Quanto aos percalços da estratégia social-democrata para a América Latina, atropelada por governos de "tendências autoritárias", tais como os da Venezuela, da Bolívia e do Equador, o sociólogo pontifica:

- "Com o tempo, o PT e Lula evoluíram. Hoje, eles são social-democratas à moda latino-americana. Todos nós (PSDB e PT) somos, e a diferença ideológica é pequena e simbólica. O que ocorre na Venezuela e na Argentina são escorregões democráticos fenomenais. Mais isso eu não chamo social-democracia, porque a social-democracia aceitou o mercado com limite, a democracia como valor e a necessidade imperativa de políticas sociais para melhorar a qualidade de vida da população".

Aqui é preciso fazer algumas digressões: tal como se estabeleceu no mundo político, a social-democracia é um conceito anômalo. Ela é antagônica ao socialismo revolucionário apenas como atuação estratégica, mas tanto uma quanto o outro buscam os mesmos fins, ou seja: a eliminação da democracia liberal, do capitalismo e da propriedade privada para se chegar à sociedade comunista - a chamada "utopia selvagem".

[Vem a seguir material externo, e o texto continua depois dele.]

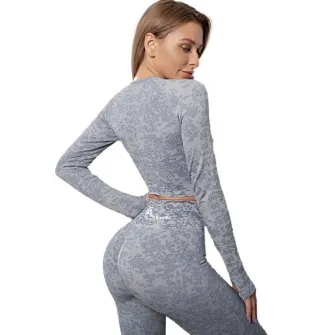 Set costum fitness FitTronic Y740 Gray, marimea M, croiala moderna, ce pune in valoare formele, material ce se muleaza pe corp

Para tornar a coisa mais clara, a social-democracia tem como objetivo o socialismo (e o comunismo, numa etapa posterior) mediante a eliminação da "democracia burguesa", através de uma progressiva ação fiscalista (pagamento de impostos) para estabelecer, gradativamente, o sonhado igualitarismo.

Mas para os desavisados é bom não esquecer que Ferdinand Lassalle, o precursor da social-democracia alemã, era amigo íntimo e emprestava (sem retorno) dinheiro à Marx, o pai do "socialismo científico", e que o próprio Lenin, por sua vez, diante do fracasso econômico dos primórdios da revolução socialista russa, passou marcha à ré e transou numa boa com o mercado - para depois abatê-lo a pauladas.

Reside, assim, nesta contradição, de uma só vez, o fracasso da social democracia e do socialismo revolucionário. Para sobreviverem no seu mundo de promessas e engodos e não matarem a galinha dos ovos de ouro, os esquerdistas são obrigados a conviver com a "democracia capitalista", único sistema capaz de levar em conta, ao mesmo tempo, os interesses das massas operárias e o das distintas classes médias, possibilitando liberdade com desenvolvimento econômico - o que significa dizer, na prática, a almejada inclusão social.

É claro que FHC não explica essa contradição do mundo socialista aos principais interessados, ou seja: à patuléia ignara. O trinar do seu bico doce fica adstrito ao canto de um futuro próspero e venturoso, que ele, muito sabidamente, usufrui no presente glorioso e feliz.